Member-only story
Qwen2.5-Coder, Cosmos Tokenizer, OpenCoder, and New SentenceTransformers: Great Times for Open Source
6 min readNov 13, 2024
I want to highlight some standout open-source advancements that have really caught my eye:
- Qwen2.5-Coder Series: An open-source code LLM that’s giving GPT-4 a run for its money.
- Cosmos Tokenizer: An advanced suite of neural tokenizers for efficient image and video compression.
- OpenCoder: A fully open-source code LLM trained on an astonishing 2.5 trillion tokens.

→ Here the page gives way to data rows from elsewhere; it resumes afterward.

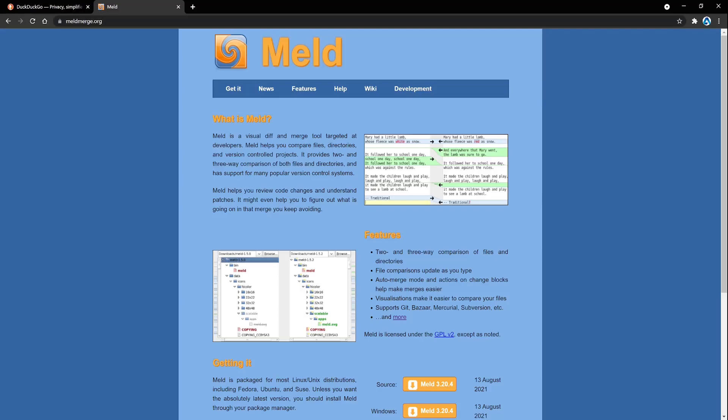In this video I'm going to show you how to set up MELD. MELD is a diff and merge tool that has a nice graphical user interface. We can use it to compare files, directories, and version control projects.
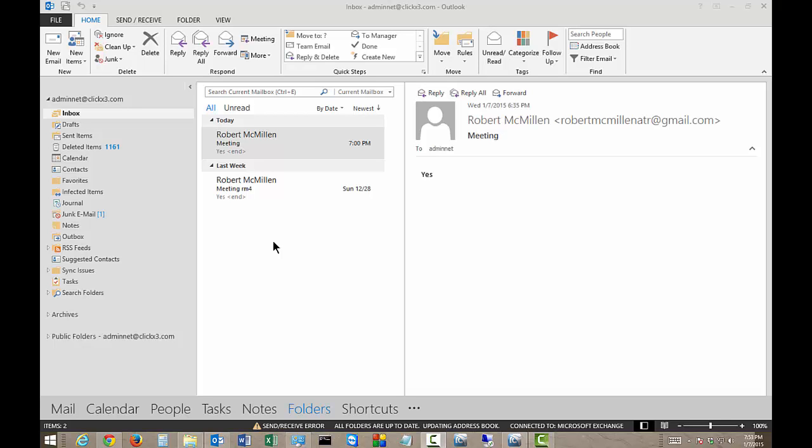We're in Outlook 2013. I'm going to show you how to delete the deleted items permanently so they're out of your deleted folder and they're all gone. There's a couple different ways to do this.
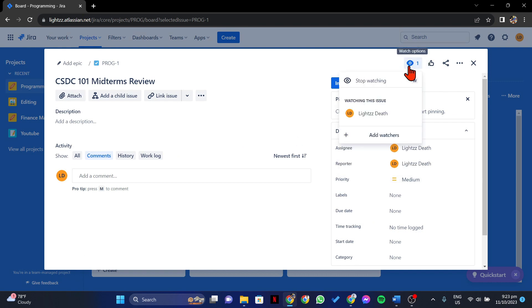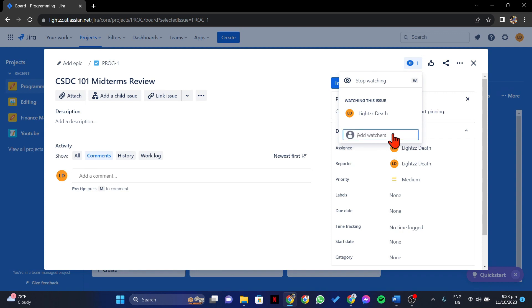A menu will appear and here you can now add a watcher. Click on the add watchers option. In this field, you can now type in the name or email of the person that you want to add as a watcher.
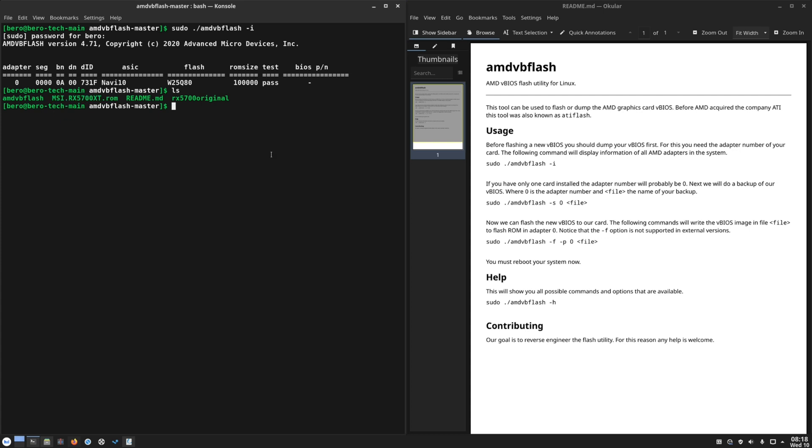The third step is to flash the VBIOS. So the command for that is -f for force flash, -p the adapter number which is zero in our case, and the file name. You press enter. It takes a second or two. The AMD VBFlash will warn you to reboot your system. That's it.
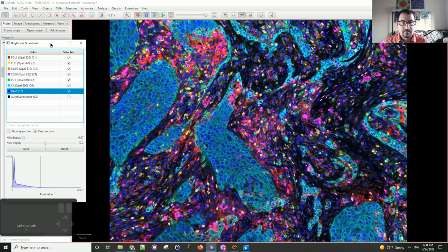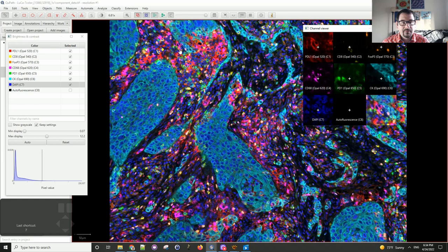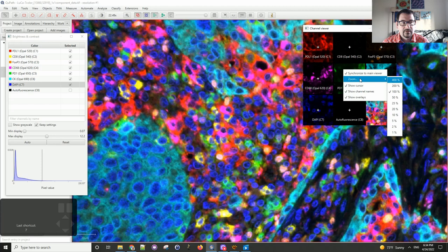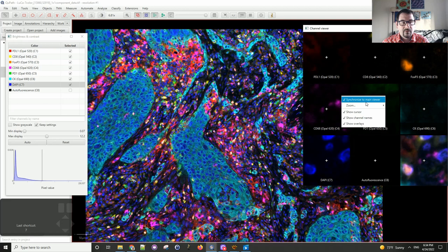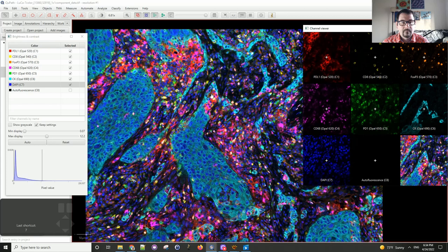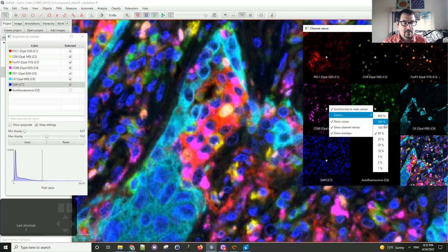One very useful tool in QPath is the Channel Viewer. This tool allows you to look at individual channels while you're browsing a bigger dataset. You can right click on it and change the zoom level — so if you want to see a very magnified image when you're looking from far away, that's one way to use it. Or you can have an overview image when you're zooming in. There are many different ways to use this tool of course.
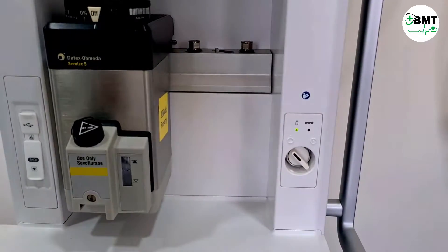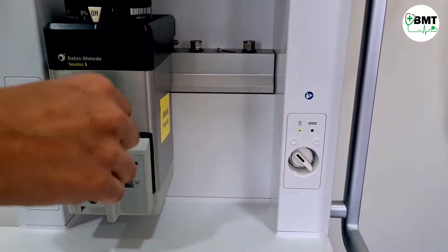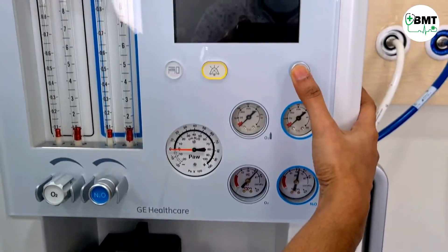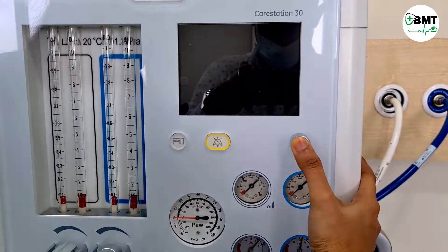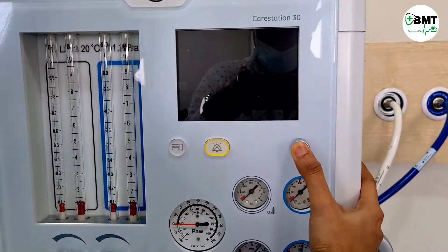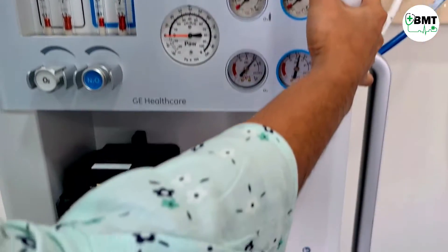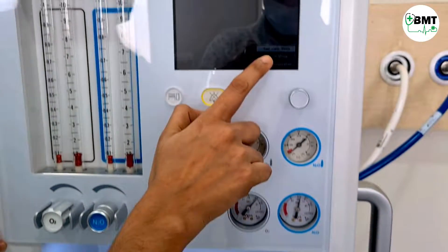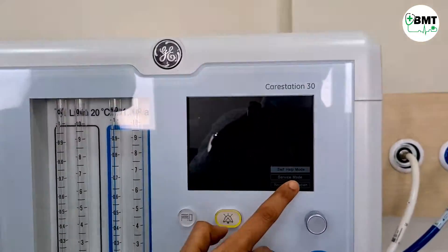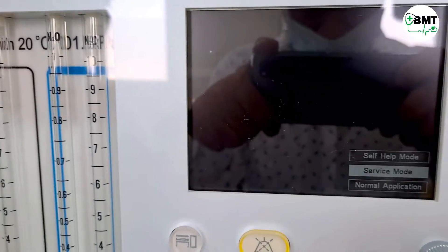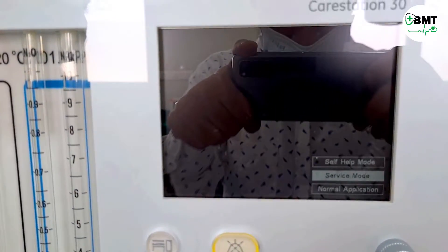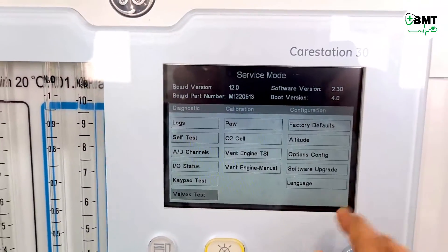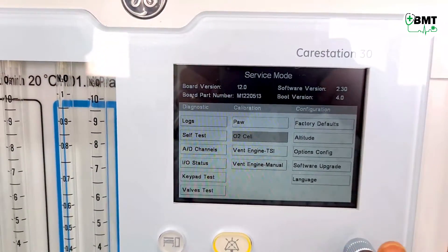For auto calibration, you have to go into service mode. Keep this rotary knob pressed and then turn on the machine. It will ask for service mode — go to service mode.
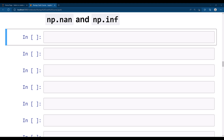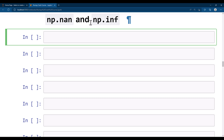Let's get started with numpy nan and numpy inf. Nan is 'not a number' and inf is an infinite number. When numpy says something is not a number, that means it is an unknown data type. When it is inf, that means it is some value beyond calculation — essentially infinite. You cannot compare nan values together, but you can compare inf values together.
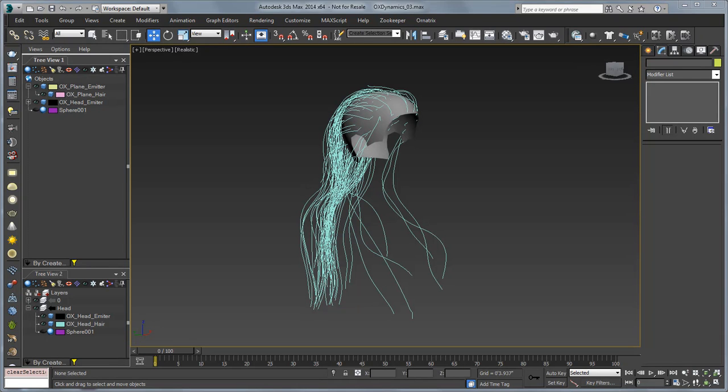Hello, this is Michael McCarthy and in this video we're going to take a look at some hair dynamics with Ornatrix and 3ds Max.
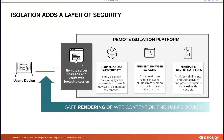What isolation helps with is it adds a security layer and helps the user device with safe rendering of web content. With the websites that we put in isolation, it helps prevent zero-day attacks, prevents browser exploits, and also prevents data loss when you are in an isolated container.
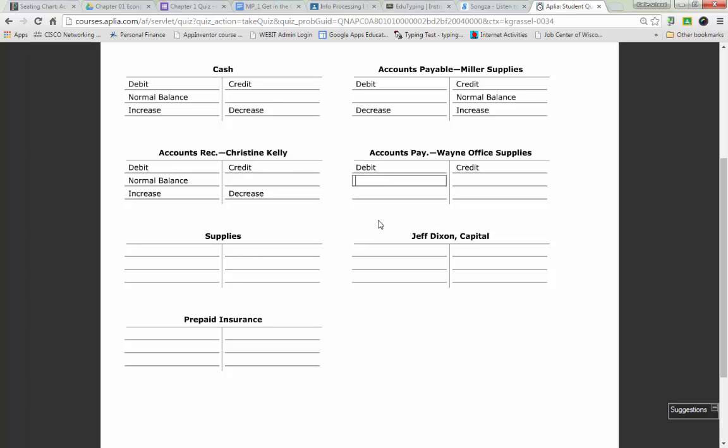Accounts payable, Wayne Office Supply. So the first thing that I want you to do is I want you to think about what the classification is. So Kyle, accounts payable, Wayne Office Supply, what is its classification, asset, liability, or owner's equity? Liability. So liabilities are on what side of the accounting equation, Kyle? So normal balance?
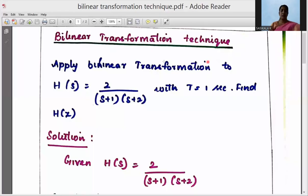Hello everyone. Today we are going to see about the bilinear transformation technique, which is one of the techniques used to convert an analog transfer function into a digital transfer function. The problem is: apply bilinear transformation to H(S) = 2 / ((S+1)(S+2)) with T = 1 second.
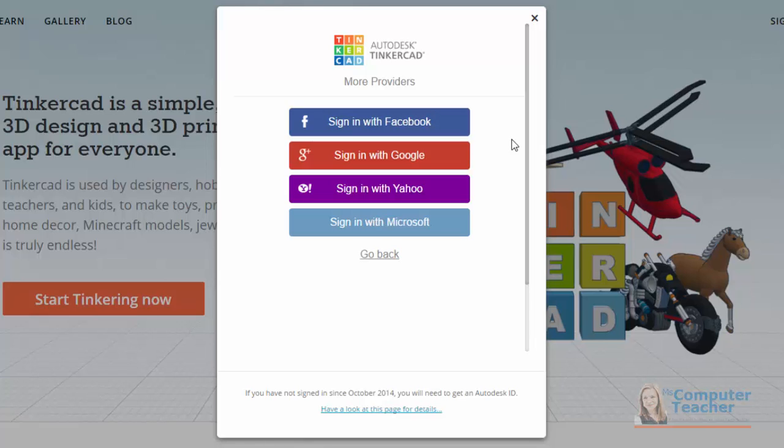You can see that you can sign in with Facebook, Google, Yahoo, or a Microsoft account. If you have any of these existing accounts, you can go ahead and sign in with that account.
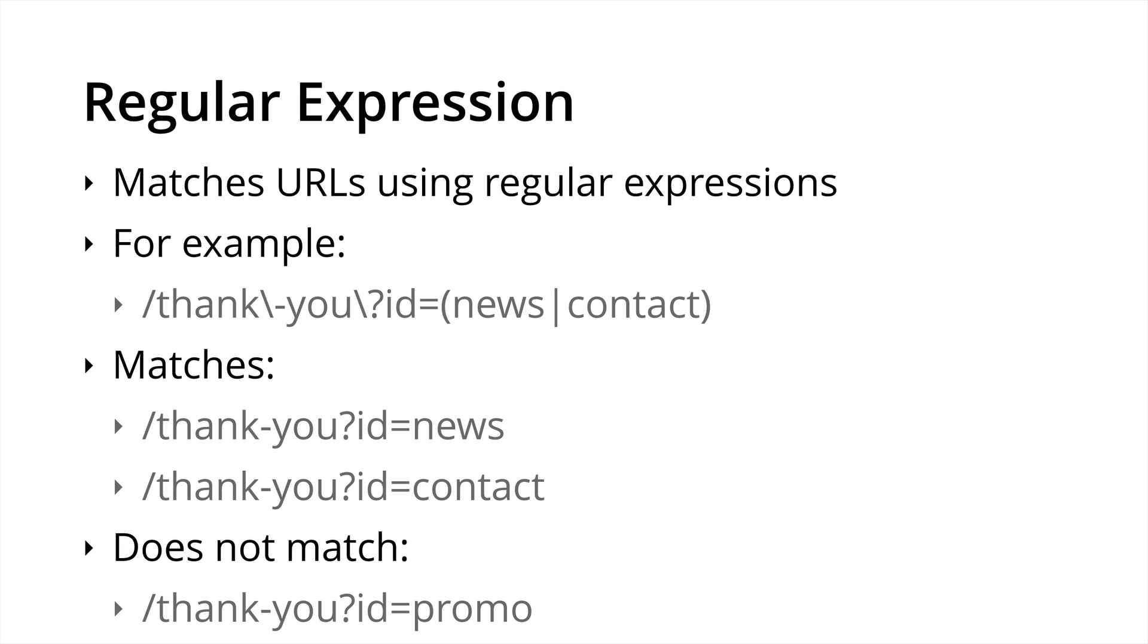Then there is regular expression. I'm not going to go into too much detail because it's more advanced, but it gives you the flexibility to match URLs in different ways. In this example, we've created an or statement. So we can see we have opening bracket news pipe, which is the or statement contact close bracket. So in this particular instance, it will match ID equals news or ID equals contact, but it won't match ID equals promo because that's not contained in the regular expression we've created.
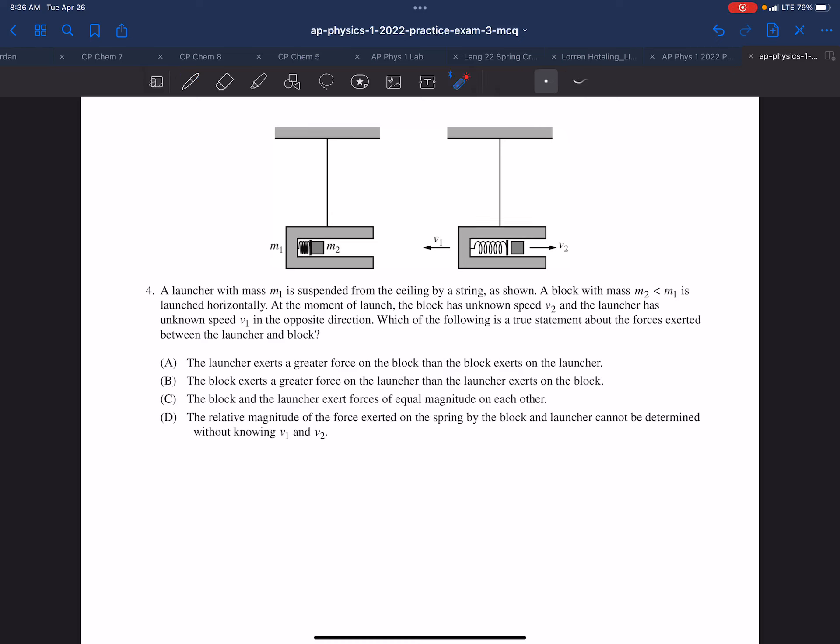In this scenario, we have this little explosive device here with a spring. When it's released, the spring energy is released and we can see that this whole launcher apparatus will move in that direction and the particle will move in that direction. So this entire body in yellow will move to the left. We want to know which of the following is true about the forces exerted between the launcher and the block.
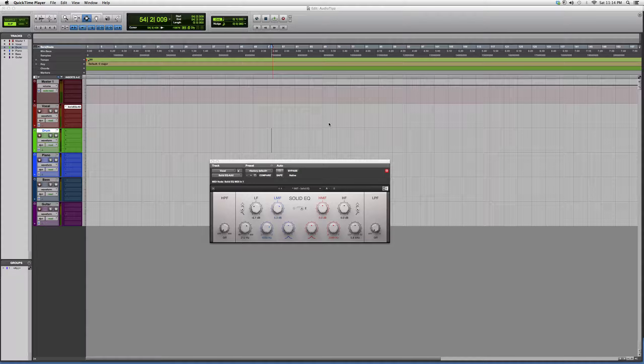Hey guys, what's up? Welcome to Audio Tips. In today's tutorial, I opened up a new plugin for you. It's a Waves plugin.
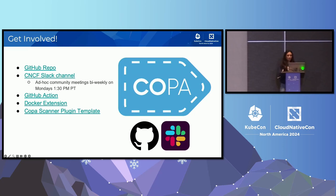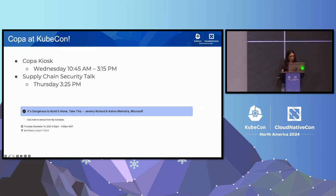For anyone that wants to get involved, you can check out our GitHub repo and our CNCF Slack channel. We have ad hoc community meetings bi-weekly on Mondays at 1:30 Pacific Time. You can also check out the GitHub Action and Docker Extension integrations. If you want to try Copa with your own scanner, you can do that using the Copa scanner plugin template. And if you want to learn more this week at KubeCon, you can check out the Copa kiosk at the Project Pavilion on Wednesday, as well as the supply chain security talk called "It's Dangerous to Build Alone, Take This."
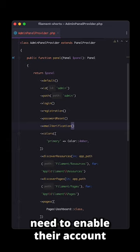We have the email verification method, which ensures that users need to enable their account before they can log in.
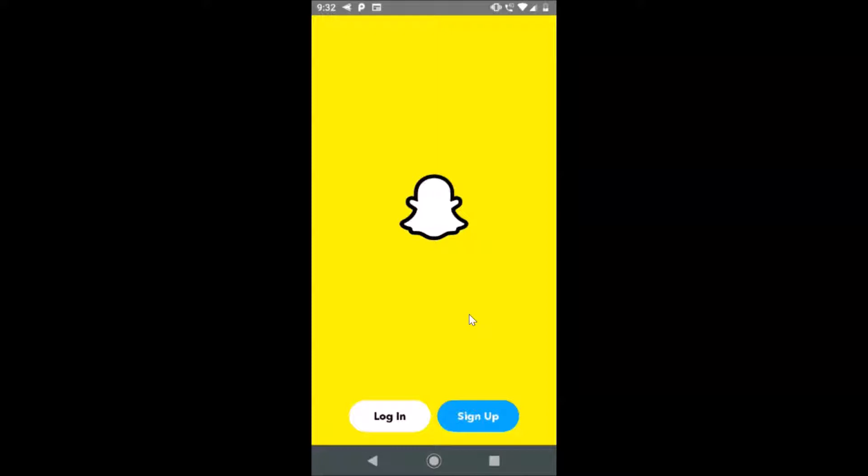In this way, you can easily log out from Snapchat on Android. Thanks for watching. If you like my videos, please support this channel by subscribing to it. Thanks, bye bye.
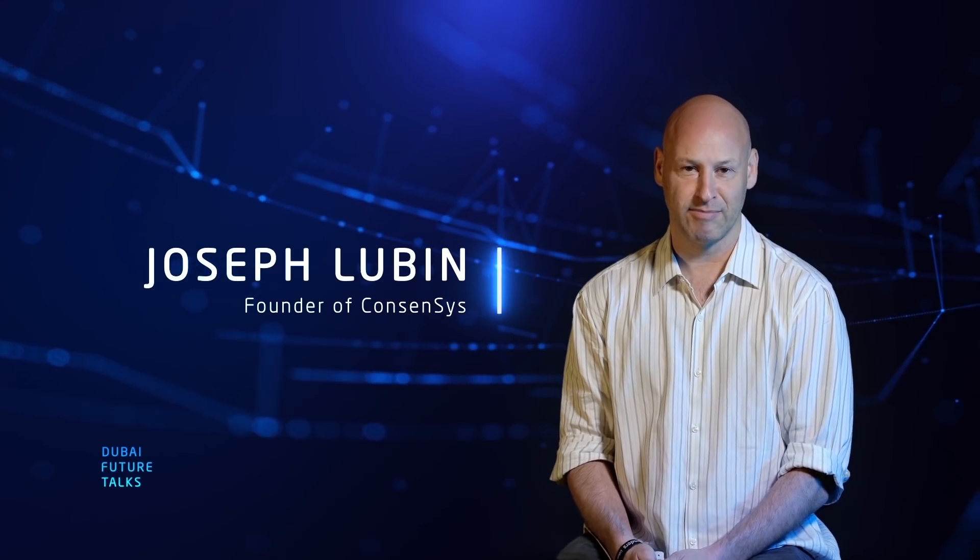Hi, my name is Joseph Lupin. I'm one of the co-founders of the Ethereum project and founder of a company called ConsenSys.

- Massive CPU Speedup in SentenceTransformers: A 4x speed boost on CPU inference using OpenVINO’s int8 static quantization.
Let’s dive in!
Qwen2.5-Coder Series: Open-Sourcing a SOTA Code LLM Rivaling GPT-4
Alibaba Cloud announced the open-source release of the Qwen2.5-Coder series — models that are Powerful, Diverse, and Practical — dedicated to propelling the evolution of open code large language models (LLMs).
The flagship model, Qwen2.5-Coder-32B-Instruct, sets a new benchmark as the state-of-the-art (SOTA) open-source code model, matching the coding capabilities of GPT-4. It excels in general-purpose and mathematical reasoning.